Novel
antifolates with a 6-5 fused ring system, 6,7-dihydrocyclopenta [d]
pyrimidine, (3a,b and 4a,b) were synthesized on the basis of combined modification of the heterocycle and bridge regions of the
folate molecule. The synthetic method involves (1) synthesis of key intermediates of tert-butyl 4-[omega-(2-substituted-3-oxocyclopentanyl) alkyl]
benzoates (8a,b and 9a,b) by a
carbon-
carbon radical coupling of tert-butyl 4-(omega-iodoalkyl)benzoates (7a,b) with 2-substituted-2-cyclopenten-1-ones (5 and 6) utilizing
tributyltin hydride, (2) cyclization of either the methyl enol-
ethers derived from the 2-cyanocyclopentanones (8a,b) or the 2-(methoxycarbonyl)cyclopentanones (9a,b) themselves by treatment with
guanidine which leads to 6,7-dihydrocyclopenta [d]

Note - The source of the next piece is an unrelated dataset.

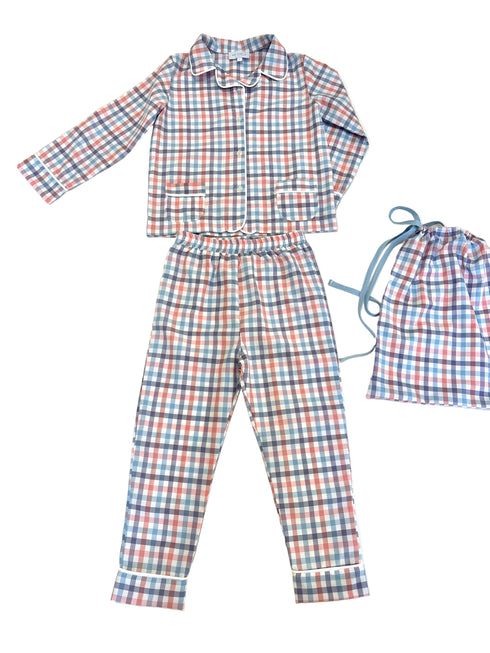 Pijama carouri albastre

pyrimidines with a 4-(tert-butoxycarbonyl)phenylalkyl group (11a,b and 14a,
b), (3) deprotection to the corresponding
carboxylic acids (12a,b and 15a,b), and (4) amidation with diethyl
glutamate and deesterification. Potent
dihydrofolate reductase inhibition and highly potent cell growth inhibition were found with 2,4-diaminopyrimidine-fused
cyclopentene compounds containing the
trimethylene (3a) or
ethylene bridge (3b) but not with the corresponding 2-amino-4-hydroxy analogs (4a,b). Compounds 3a and 3b were more growth inhibitory to several tumor cell lines (P388, colon 26, colon 38, and KB) than was
methotrexate, with 3a being the most potent. Both 3a and 3b gave increases in the lifespan of P388 leukemic mice comparable to that observed with MTX. Both compounds were therapeutic against colon 26
colorectal carcinoma in mice. Compound 3a was highly effective against
LC-6 non-small cell lung carcinoma in nude mice.